_THE PROBLEM_
Output exactly the lines of the listing below that run from the line with "Deepthroat banana training" through the line with "Private Abudhabi City". No pictures.

_THE RECORDS_
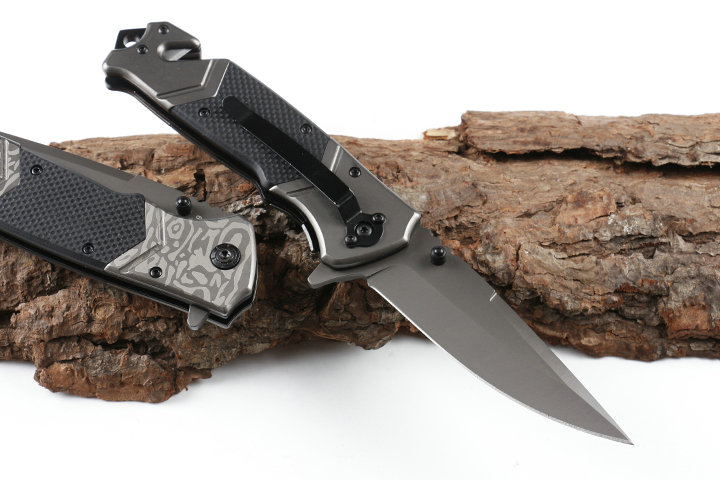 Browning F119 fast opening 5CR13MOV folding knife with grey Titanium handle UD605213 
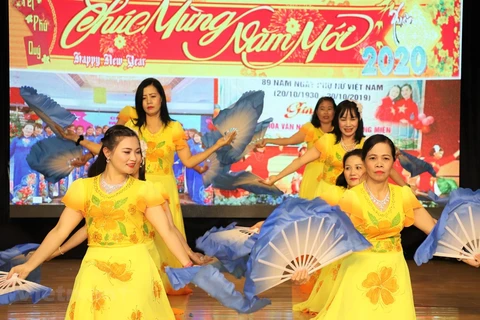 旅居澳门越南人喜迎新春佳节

* * *

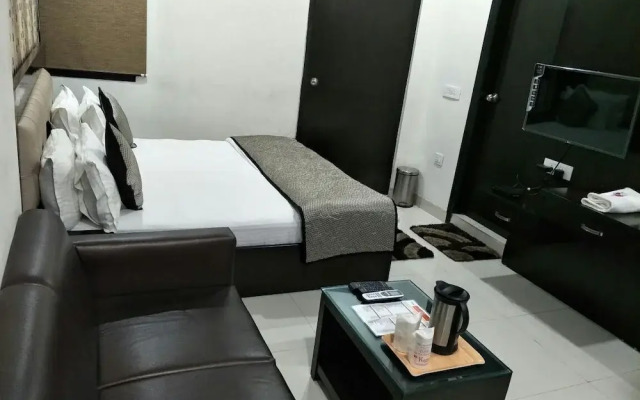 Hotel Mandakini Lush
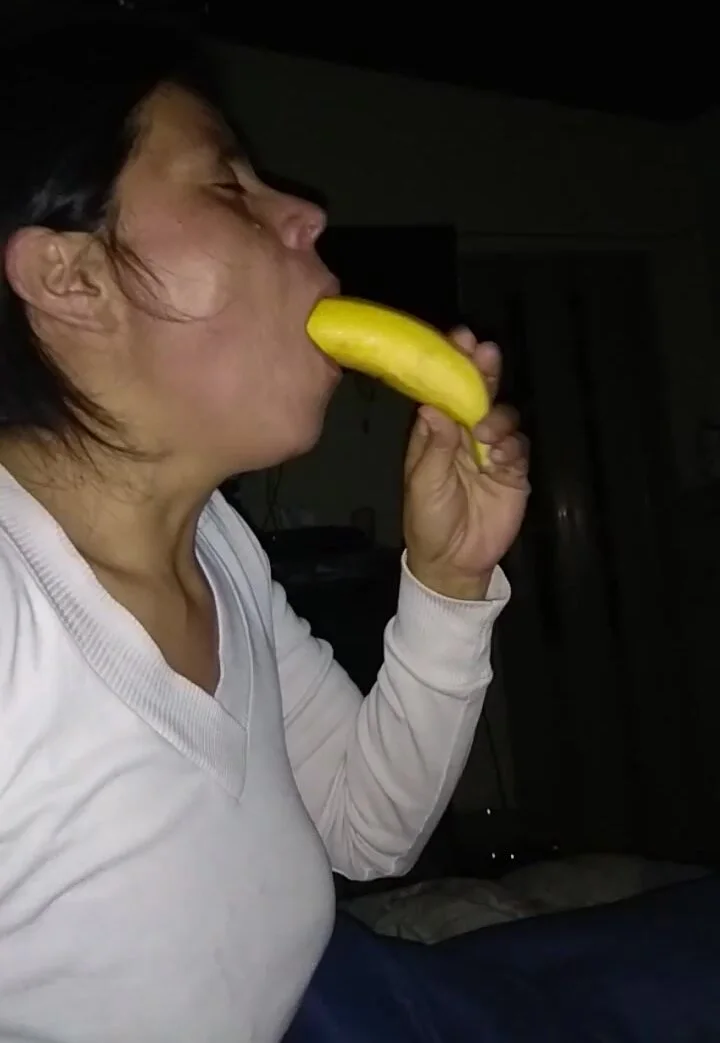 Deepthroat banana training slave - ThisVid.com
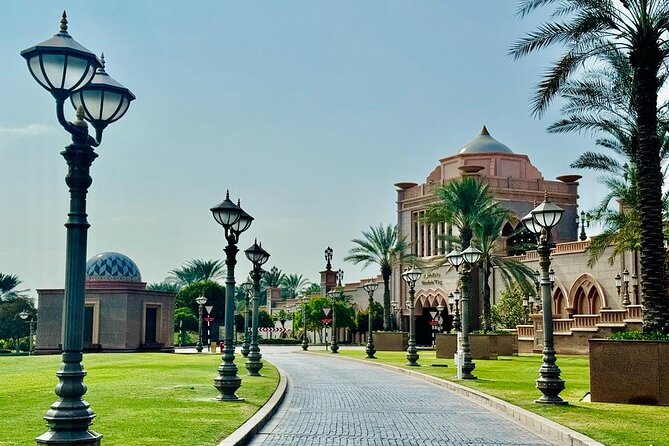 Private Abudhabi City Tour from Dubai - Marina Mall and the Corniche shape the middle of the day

_TASK RESPONSE_
 Deepthroat banana training slave - ThisVid.com
 Private Abudhabi City Tour from Dubai - Marina Mall and the Corniche shape the middle of the day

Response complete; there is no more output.